▶ [WHAT THE TASK ASKS]: Set down exactly the lines of the records from the top to the line containing "Cadre flottant Autumnal"; include both.

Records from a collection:
# # # # #

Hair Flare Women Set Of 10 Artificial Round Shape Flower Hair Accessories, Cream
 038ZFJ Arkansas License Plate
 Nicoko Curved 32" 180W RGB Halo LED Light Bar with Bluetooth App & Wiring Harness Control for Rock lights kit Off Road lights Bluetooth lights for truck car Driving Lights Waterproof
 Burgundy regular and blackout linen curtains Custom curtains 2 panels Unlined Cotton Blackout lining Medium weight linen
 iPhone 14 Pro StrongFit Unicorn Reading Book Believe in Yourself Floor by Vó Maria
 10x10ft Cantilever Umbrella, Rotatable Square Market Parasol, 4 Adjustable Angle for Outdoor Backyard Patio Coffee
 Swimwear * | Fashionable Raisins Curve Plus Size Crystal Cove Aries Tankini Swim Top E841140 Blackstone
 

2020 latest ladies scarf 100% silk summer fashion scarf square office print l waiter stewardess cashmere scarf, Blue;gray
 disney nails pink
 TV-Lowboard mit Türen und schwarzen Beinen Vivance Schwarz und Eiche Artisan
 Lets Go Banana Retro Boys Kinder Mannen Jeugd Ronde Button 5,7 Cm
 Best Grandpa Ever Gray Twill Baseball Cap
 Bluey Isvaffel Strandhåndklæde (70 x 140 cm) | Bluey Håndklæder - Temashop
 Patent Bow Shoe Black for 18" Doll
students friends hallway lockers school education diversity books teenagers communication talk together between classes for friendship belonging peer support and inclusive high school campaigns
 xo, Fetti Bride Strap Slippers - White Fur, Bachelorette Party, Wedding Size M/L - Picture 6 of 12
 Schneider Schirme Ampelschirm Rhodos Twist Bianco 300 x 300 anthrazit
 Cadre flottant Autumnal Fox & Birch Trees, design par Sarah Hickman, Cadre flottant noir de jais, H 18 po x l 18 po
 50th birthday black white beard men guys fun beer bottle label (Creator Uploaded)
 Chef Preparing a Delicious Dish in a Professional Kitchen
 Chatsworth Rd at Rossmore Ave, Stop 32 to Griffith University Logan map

# # # # #

▶ [ANSWER TO THE EXERCISE]:
Hair Flare Women Set Of 10 Artificial Round Shape Flower Hair Accessories, Cream
 038ZFJ Arkansas License Plate
 Nicoko Curved 32" 180W RGB Halo LED Light Bar with Bluetooth App & Wiring Harness Control for Rock lights kit Off Road lights Bluetooth lights for truck car Driving Lights Waterproof
 Burgundy regular and blackout linen curtains Custom curtains 2 panels Unlined Cotton Blackout lining Medium weight linen
 iPhone 14 Pro StrongFit Unicorn Reading Book Believe in Yourself Floor by Vó Maria
 10x10ft Cantilever Umbrella, Rotatable Square Market Parasol, 4 Adjustable Angle for Outdoor Backyard Patio Coffee
 Swimwear * | Fashionable Raisins Curve Plus Size Crystal Cove Aries Tankini Swim Top E841140 Blackstone
 

2020 latest ladies scarf 100% silk summer fashion scarf square office print l waiter stewardess cashmere scarf, Blue;gray
 disney nails pink
 TV-Lowboard mit Türen und schwarzen Beinen Vivance Schwarz und Eiche Artisan
 Lets Go Banana Retro Boys Kinder Mannen Jeugd Ronde Button 5,7 Cm
 Best Grandpa Ever Gray Twill Baseball Cap
 Bluey Isvaffel Strandhåndklæde (70 x 140 cm) | Bluey Håndklæder - Temashop
 Patent Bow Shoe Black for 18" Doll
students friends hallway lockers school education diversity books teenagers communication talk together between classes for friendship belonging peer support and inclusive high school campaigns
 xo, Fetti Bride Strap Slippers - White Fur, Bachelorette Party, Wedding Size M/L - Picture 6 of 12
 Schneider Schirme Ampelschirm Rhodos Twist Bianco 300 x 300 anthrazit
 Cadre flottant Autumnal Fox & Birch Trees, design par Sarah Hickman, Cadre flottant noir de jais, H 18 po x l 18 po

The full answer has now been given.